And here's the explain analyze for my (rather small) dataset:

   Sort Key: tmplaps.updated_at
   Sort Method: quicksort  Memory: 47kB
   ->  Nested Loop Left Join  (cost=211.16..286.25 rows=158 width=130) (actual time=3.854..4.248 rows=158 loops=1)
         Join Filter: (timers.race_id = races.id)
         ->  Hash Left Join  (cost=211.16..265.50 rows=158 width=122) (actual time=3.852..4.186 rows=158 loops=1)

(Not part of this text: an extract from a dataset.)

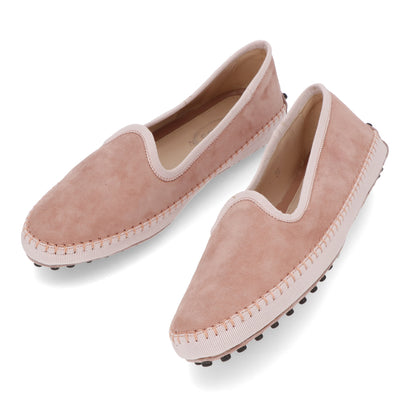 トッズ シューズ パンプス レディース ピンクベージュ レッド スエード ステッチ モカシン ドライビングシューズ ヒールなし XXW24B0AI70HR0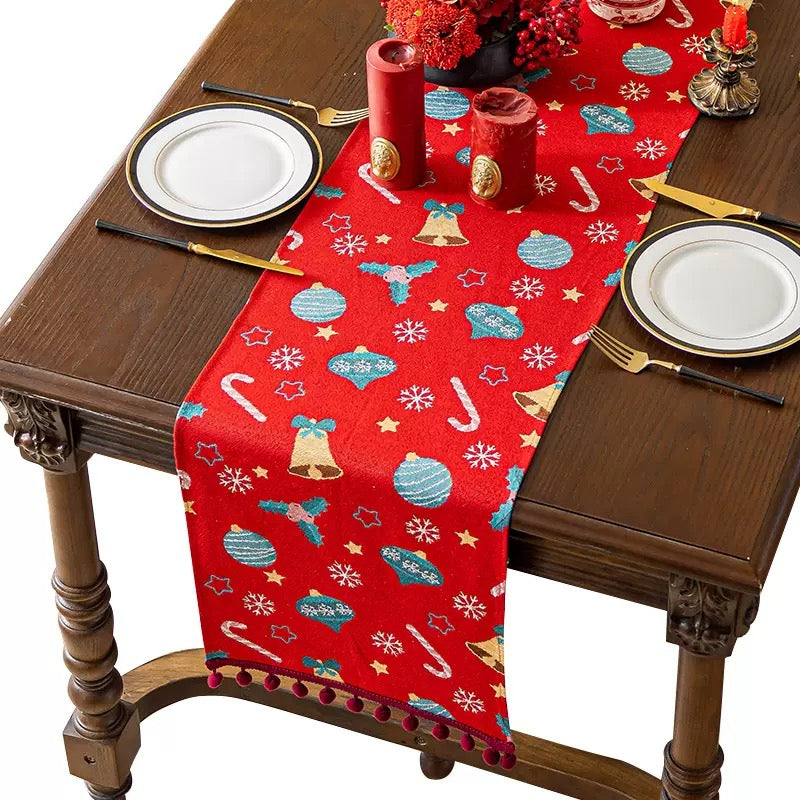 Table Runner Natal | Taplak Meja Panjang Hiasan Meja Christmas Santa Pohon Natal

               Hash Cond: (races.id = tmplaps.race_id)
               ->  Seq Scan on races  (cost=0.00..52.81 rows=158 width=114) (actual time=0.012..0.254 rows=158 loops=1)
                     Filter: ((account_id = 5) AND (id = ANY ('{29,30,31,32,3,2,33,1,4,5,6,7,8,9,10,11,12,13,14,15,16,17,18,19,20,21,22,23,24,25,26,27,28,34,35,36,37,38,39,40,41,42,43,44,45,46,47,48,49,50,51,52,53,54,55,56,57,58,59,60,61,62,63,64,65,66,119,154,122,82,123,156,76,73,138,70,150,135,92,143,75,72,126,113,80,83,77,94,87,129,117,68,104,134,148,152,111,120,141,69,158,96,116,114,147,78,130,139,131,90,118,132,136,67,102,84,105,101,81,153,112,137,144,71,88,89,157,107,109,79,140,97,110,106,93,142,128,108,151,95,98,121,103,149,85,124,145,99,125,146,115,133,100,86,91,127,155,74}'::integer[])))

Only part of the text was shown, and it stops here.